» Problem
Give the lines below again exactly, starting with the line that holds "1310 NE 14th" and going on through the line that holds "5 bedroom Villa".

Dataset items
-*-*-

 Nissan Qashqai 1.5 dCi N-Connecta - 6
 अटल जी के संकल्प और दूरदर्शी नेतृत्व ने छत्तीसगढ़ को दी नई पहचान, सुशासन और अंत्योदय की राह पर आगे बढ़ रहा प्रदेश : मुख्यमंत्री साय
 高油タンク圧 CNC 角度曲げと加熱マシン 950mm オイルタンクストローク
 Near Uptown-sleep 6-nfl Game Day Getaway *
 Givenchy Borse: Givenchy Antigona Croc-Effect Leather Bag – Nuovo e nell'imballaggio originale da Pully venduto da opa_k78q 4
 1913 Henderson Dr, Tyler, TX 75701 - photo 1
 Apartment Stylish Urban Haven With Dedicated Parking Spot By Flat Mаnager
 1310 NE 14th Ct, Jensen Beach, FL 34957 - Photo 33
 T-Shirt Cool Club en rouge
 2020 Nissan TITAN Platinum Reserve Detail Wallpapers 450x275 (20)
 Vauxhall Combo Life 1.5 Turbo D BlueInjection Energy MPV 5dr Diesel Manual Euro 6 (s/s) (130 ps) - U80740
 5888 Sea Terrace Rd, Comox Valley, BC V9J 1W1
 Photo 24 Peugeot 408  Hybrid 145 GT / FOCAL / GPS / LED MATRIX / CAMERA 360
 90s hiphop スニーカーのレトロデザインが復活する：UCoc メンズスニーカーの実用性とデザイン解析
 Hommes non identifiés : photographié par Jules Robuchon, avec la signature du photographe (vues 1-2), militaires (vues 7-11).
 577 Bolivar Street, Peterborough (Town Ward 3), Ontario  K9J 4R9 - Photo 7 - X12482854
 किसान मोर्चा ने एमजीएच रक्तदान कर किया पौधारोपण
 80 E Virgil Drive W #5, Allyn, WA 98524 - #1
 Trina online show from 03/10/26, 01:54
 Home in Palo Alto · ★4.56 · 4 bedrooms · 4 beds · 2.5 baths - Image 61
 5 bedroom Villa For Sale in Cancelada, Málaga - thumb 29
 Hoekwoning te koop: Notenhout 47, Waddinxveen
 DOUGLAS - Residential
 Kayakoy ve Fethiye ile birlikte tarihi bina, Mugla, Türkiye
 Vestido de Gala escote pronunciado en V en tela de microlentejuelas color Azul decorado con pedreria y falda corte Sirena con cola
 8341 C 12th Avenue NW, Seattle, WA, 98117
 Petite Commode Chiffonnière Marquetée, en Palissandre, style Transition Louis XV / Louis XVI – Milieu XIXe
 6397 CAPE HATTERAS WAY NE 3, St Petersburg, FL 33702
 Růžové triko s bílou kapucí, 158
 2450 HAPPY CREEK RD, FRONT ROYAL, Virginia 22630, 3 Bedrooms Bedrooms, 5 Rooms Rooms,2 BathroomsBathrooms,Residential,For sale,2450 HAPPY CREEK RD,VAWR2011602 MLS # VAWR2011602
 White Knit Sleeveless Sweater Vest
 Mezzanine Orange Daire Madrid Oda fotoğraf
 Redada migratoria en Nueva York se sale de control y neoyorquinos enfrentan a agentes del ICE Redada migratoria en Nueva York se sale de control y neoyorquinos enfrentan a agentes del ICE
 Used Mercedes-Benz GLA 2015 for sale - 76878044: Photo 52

-*-*-

» Solution to the problem
 1310 NE 14th Ct, Jensen Beach, FL 34957 - Photo 33
 T-Shirt Cool Club en rouge
 2020 Nissan TITAN Platinum Reserve Detail Wallpapers 450x275 (20)
 Vauxhall Combo Life 1.5 Turbo D BlueInjection Energy MPV 5dr Diesel Manual Euro 6 (s/s) (130 ps) - U80740
 5888 Sea Terrace Rd, Comox Valley, BC V9J 1W1
 Photo 24 Peugeot 408  Hybrid 145 GT / FOCAL / GPS / LED MATRIX / CAMERA 360
 90s hiphop スニーカーのレトロデザインが復活する：UCoc メンズスニーカーの実用性とデザイン解析
 Hommes non identifiés : photographié par Jules Robuchon, avec la signature du photographe (vues 1-2), militaires (vues 7-11).
 577 Bolivar Street, Peterborough (Town Ward 3), Ontario  K9J 4R9 - Photo 7 - X12482854
 किसान मोर्चा ने एमजीएच रक्तदान कर किया पौधारोपण
 80 E Virgil Drive W #5, Allyn, WA 98524 - #1
 Trina online show from 03/10/26, 01:54
 Home in Palo Alto · ★4.56 · 4 bedrooms · 4 beds · 2.5 baths - Image 61
 5 bedroom Villa For Sale in Cancelada, Málaga - thumb 29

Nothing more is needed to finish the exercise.